CPI is part of unique set of key macroeconomic indicators that all governments continuously measure in order to know the evolution of the economy.
GDP is a macroeconomic indicator representing the monetary value of all goods and services produced by an economy over a set period of time, this period is usually 1 year.
Nominal GDP is the value of all goods and services produced calculated from market prices in the time period considered, moreover real GDP is calculated at constant prices based on a specific year, ie real GDP does not account inflation.
GDP deflator is calculated by dividing nominal GDP between real GDP, in this way we obtain a percentage that represents the evolution of prices of all goods and services produced in the country.
Many economists advocate the use of this indicator against the CPI as a tool for calculating inflation given that the CPI only shows the price development of a list of products and services representative while the GDP deflator shows the evolution of prices of all products and services.
Several factors can cause inflationary periods in an economy, such excess consumption by the population leads to higher prices without sufficient supply to meet demand, an increase in production costs due to the lack of any raw material or a runaway increase in wages generates a final increase in the price of goods or services produced, on the other the creation of speculative bubbles generates a rise in prices or inflation.

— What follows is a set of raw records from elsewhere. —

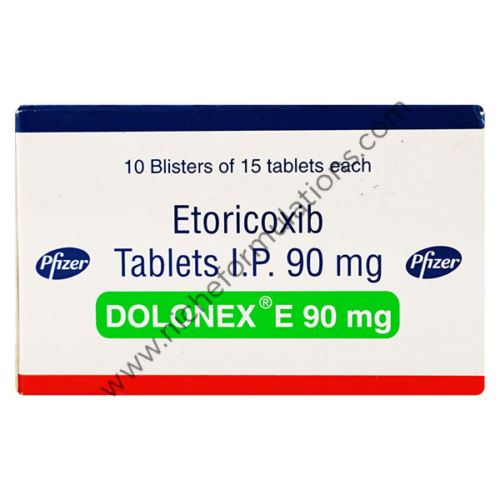 Dolonex E 90mg Tablet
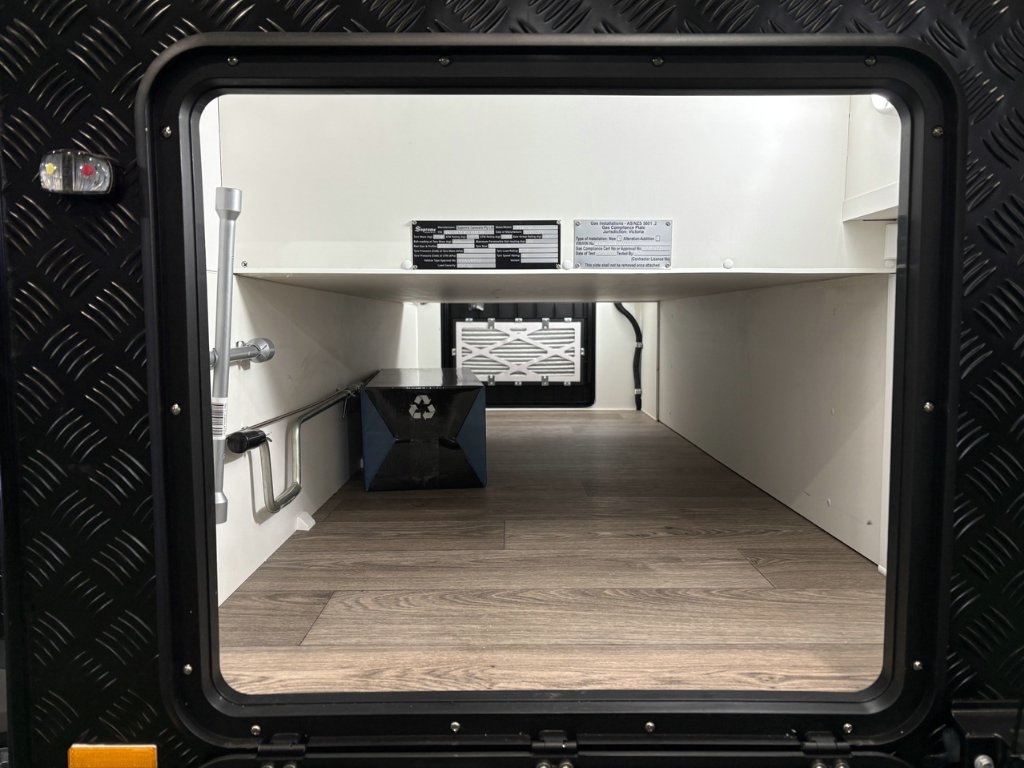 NEW 2026 SUPREME SPIRIT CARAVAN 2 AXLE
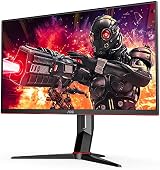 AOC Gaming U28G2XU 28 Inch 4K UHD 144Hz 1ms IPS Monitor Height Adjust USB Hub view 6
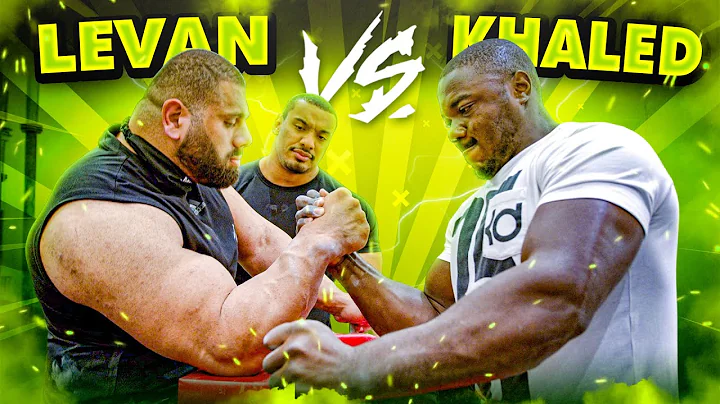 KHALED VS LEVAN SAGINASHVILI!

Depending on the size or value of inflation obtained we can classify into the following types:
Moderate inflation - Refers to a relatively small increase in prices, leading to inflation below 5% and an economy with stable prices where people and governments maintain confidence in its economy by promoting investments that stimulate economic growth.

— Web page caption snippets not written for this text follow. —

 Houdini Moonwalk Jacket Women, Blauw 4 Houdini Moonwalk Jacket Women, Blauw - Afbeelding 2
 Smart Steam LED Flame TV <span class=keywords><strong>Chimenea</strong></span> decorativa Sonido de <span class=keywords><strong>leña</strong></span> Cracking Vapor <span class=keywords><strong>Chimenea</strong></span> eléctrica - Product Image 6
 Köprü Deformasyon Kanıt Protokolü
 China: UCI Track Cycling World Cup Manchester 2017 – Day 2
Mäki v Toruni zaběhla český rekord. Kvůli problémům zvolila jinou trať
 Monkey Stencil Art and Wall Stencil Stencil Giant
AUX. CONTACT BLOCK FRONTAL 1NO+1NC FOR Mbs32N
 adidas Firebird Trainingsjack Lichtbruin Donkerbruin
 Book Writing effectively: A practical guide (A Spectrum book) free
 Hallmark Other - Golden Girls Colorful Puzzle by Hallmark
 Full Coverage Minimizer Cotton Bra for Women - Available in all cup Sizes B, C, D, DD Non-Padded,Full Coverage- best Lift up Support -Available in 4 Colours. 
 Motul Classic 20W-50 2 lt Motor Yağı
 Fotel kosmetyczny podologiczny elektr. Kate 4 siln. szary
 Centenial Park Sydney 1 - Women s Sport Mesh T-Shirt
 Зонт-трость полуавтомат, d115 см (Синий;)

Galloping or runaway inflation - Makes references to rapid inflation rates without limits where higher prices exceed 20% and even 150%, in this situation if governments and agencies in the field do not take appropriate measures can lead to a large and deep economic crisis.

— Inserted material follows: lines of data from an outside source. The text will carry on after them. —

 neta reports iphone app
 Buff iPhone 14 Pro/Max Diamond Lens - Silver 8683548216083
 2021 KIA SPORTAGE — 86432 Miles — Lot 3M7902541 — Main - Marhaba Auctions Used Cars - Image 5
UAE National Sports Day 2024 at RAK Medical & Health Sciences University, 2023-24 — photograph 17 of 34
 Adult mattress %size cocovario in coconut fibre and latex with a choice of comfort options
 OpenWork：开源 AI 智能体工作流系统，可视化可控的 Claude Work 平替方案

Hyperinflation - Refers to increases inflated prices leading to inflation rates of 500%, 800% or even 1000%, in this situation the price of money is devalued at an alarming rate leading to an overall distrust of the economy generating a deep economic crisis, social and political upheavals. In Germany during the period between 1921 and 1923 there were a scenario where the monthly inflation was above 29,500% in this situation the value of money is despised at an alarming rate leading to situations where citizens burned mountains of bills to generate heat because it was cheaper than timber.
Now that you know what is inflation, did you know that Hungary was the country with the highest hyperinflation in modern economic history ?, during the years 1945 and 1946 Hungary monthly inflation reached more than 42 trillion percent or so it's the same 4.2 x 1016, under this economic scenario the value of its currency Peng depreciated every second reaching to emit bills for the value of 100 trillion Pengs.